If there were for some reason a political group in charge who no longer found it as excellent an idea to lend 95% of the land mass of Canada out to private interest for the purposes of buying votes as say, selling that same land for the purposes of generating operating revenue, then Canada alone has enough unused land to operate as the global swing producer of commercial and residential real estate. Can you imagine Canada performing the role of Saudi Arabia, controlling the global price of real estate with the stroke of a pen? While the land reserve in Canada is much greater than in other commonwealth countries, Australia for instance only locks around 30 percent of its landmass in crown land, there are still other, similar restrictions which arbitrarily limit the use and effectiveness of existing land to a similar degree. Restrictions on what types a land can be used to mortgage certain types of construction come to mind as a major bottle neck. For example, there are often limitations on how many acres of land can be included in the calculation for a properties mortgageable value. These restrictions in most countries begin to pop up around 5 acres.

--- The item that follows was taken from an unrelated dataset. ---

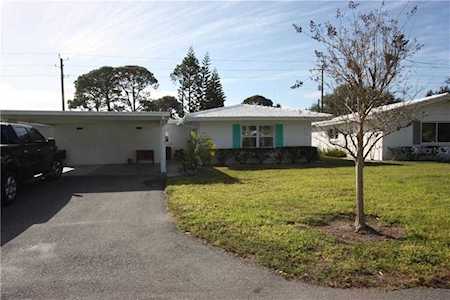4236 Roxane Boulevard #103 Sarasota, FL 34235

If any of these arbitrary administrative restrictions are removed from land, the supply of buildable residential and commercial real estate in commonwealth countries could increase exponentially. Essentially Nuking the argument for high price from restricted supply.
As a final note, though it has been mentioned elsewhere often, changing demographics are also significantly bearish long term for real estate in the west. Boomers own a lot of residences. In 20 years they will be dead, with not enough humans to fill all their beds. In 5-10 years, the boomers will start selling those properties en masse to finance their retirements. Ruh Roh!
There are lots of houses! Lots and lots of them.